DATA FOR THIS EXERCISE
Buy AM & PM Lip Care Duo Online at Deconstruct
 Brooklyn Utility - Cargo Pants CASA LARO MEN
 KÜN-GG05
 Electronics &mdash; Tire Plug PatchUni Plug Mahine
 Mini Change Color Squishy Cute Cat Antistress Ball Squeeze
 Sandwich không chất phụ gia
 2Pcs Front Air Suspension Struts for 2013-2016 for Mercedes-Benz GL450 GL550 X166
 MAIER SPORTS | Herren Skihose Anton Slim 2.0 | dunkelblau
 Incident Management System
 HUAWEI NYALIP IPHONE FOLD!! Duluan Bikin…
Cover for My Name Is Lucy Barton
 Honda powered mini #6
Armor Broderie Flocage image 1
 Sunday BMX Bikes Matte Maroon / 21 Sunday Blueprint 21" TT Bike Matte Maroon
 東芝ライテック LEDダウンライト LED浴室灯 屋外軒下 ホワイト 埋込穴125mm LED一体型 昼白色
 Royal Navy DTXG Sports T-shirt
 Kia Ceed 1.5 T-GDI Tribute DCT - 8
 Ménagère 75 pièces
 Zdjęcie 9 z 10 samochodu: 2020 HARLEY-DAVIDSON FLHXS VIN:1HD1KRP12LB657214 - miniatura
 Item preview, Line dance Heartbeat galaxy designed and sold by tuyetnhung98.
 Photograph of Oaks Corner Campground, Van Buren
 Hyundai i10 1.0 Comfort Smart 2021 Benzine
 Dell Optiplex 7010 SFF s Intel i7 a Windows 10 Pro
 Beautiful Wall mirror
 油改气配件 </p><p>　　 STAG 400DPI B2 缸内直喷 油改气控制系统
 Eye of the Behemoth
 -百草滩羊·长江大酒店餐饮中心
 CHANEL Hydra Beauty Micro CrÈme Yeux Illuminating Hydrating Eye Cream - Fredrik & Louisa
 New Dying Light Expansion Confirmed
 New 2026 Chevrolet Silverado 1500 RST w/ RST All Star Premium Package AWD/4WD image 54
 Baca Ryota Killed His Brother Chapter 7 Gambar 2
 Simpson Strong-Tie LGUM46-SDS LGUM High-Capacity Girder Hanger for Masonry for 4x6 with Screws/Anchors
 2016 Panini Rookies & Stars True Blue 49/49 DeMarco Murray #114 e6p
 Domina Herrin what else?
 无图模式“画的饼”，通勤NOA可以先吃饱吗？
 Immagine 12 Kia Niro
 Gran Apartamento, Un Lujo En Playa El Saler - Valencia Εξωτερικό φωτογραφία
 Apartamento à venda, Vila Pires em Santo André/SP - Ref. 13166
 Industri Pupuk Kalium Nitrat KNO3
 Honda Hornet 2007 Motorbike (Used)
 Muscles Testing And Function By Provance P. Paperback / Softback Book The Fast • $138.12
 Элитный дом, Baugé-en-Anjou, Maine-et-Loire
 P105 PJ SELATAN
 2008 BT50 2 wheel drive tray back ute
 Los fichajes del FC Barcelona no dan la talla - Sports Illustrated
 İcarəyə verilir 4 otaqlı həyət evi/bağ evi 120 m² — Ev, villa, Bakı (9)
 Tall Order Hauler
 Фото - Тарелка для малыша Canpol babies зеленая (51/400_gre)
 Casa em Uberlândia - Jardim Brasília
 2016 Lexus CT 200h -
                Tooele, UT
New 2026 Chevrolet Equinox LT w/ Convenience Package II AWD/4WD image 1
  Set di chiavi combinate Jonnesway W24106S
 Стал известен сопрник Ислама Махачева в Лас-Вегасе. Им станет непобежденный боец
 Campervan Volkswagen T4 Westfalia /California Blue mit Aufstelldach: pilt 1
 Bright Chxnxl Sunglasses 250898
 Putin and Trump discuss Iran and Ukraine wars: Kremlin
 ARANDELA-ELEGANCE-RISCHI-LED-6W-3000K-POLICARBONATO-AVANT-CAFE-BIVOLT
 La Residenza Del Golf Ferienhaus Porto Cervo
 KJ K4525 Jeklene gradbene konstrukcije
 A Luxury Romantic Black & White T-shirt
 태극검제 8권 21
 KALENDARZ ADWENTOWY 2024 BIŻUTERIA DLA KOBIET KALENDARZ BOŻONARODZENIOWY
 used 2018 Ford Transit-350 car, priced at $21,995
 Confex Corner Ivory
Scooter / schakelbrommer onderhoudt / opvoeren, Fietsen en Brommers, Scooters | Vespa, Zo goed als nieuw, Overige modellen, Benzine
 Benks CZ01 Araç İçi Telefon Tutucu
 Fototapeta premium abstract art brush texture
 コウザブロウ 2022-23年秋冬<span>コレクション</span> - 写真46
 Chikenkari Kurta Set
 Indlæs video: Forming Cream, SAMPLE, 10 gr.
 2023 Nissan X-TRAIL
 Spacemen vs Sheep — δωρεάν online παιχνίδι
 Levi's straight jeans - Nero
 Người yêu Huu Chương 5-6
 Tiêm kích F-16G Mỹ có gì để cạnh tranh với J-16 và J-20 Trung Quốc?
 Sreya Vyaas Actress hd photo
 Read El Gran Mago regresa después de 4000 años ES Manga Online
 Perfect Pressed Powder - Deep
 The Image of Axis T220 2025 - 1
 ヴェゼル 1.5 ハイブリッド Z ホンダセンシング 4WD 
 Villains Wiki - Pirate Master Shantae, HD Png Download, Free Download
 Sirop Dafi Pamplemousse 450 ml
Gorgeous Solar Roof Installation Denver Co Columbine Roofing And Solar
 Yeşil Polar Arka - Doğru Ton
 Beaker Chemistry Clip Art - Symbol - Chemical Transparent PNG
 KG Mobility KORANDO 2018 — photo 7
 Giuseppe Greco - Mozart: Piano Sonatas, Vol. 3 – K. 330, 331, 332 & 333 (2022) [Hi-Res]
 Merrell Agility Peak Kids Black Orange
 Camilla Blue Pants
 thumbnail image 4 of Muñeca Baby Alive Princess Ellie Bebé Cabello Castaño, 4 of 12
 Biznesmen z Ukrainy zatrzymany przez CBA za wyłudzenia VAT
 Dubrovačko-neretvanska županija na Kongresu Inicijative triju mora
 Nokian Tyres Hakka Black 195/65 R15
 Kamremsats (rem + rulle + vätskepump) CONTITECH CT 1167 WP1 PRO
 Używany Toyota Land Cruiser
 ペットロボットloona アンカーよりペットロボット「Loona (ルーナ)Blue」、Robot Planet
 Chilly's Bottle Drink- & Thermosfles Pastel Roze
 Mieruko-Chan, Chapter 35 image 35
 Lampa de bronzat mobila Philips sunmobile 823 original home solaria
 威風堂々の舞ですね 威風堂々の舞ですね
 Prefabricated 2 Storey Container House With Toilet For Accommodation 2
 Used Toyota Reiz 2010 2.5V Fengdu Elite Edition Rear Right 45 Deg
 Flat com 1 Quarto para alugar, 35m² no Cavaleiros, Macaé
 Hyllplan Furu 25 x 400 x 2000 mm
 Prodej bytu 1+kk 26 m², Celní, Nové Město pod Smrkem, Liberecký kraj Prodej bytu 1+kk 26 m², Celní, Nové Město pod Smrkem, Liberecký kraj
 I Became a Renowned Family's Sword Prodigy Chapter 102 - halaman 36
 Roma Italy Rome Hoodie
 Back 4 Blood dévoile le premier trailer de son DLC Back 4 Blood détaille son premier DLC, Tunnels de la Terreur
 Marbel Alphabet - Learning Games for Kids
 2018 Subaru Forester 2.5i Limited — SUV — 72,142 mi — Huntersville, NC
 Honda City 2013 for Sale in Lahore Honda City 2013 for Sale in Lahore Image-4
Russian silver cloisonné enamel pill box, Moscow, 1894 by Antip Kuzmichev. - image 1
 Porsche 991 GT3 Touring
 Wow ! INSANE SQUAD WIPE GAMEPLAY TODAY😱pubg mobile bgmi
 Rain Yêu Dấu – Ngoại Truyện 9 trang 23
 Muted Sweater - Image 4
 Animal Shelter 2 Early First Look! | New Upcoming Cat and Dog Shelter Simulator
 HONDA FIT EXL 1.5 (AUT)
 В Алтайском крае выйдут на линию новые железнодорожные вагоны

REQUIRED WORK
All that belongs in the answer is an exact copy of the lines from the start of the records above through the line with "Ménagère 75 pièces".

REPLY
Buy AM & PM Lip Care Duo Online at Deconstruct
 Brooklyn Utility - Cargo Pants CASA LARO MEN
 KÜN-GG05
 Electronics &mdash; Tire Plug PatchUni Plug Mahine
 Mini Change Color Squishy Cute Cat Antistress Ball Squeeze
 Sandwich không chất phụ gia
 2Pcs Front Air Suspension Struts for 2013-2016 for Mercedes-Benz GL450 GL550 X166
 MAIER SPORTS | Herren Skihose Anton Slim 2.0 | dunkelblau
 Incident Management System
 HUAWEI NYALIP IPHONE FOLD!! Duluan Bikin…
Cover for My Name Is Lucy Barton
 Honda powered mini #6
Armor Broderie Flocage image 1
 Sunday BMX Bikes Matte Maroon / 21 Sunday Blueprint 21" TT Bike Matte Maroon
 東芝ライテック LEDダウンライト LED浴室灯 屋外軒下 ホワイト 埋込穴125mm LED一体型 昼白色
 Royal Navy DTXG Sports T-shirt
 Kia Ceed 1.5 T-GDI Tribute DCT - 8
 Ménagère 75 pièces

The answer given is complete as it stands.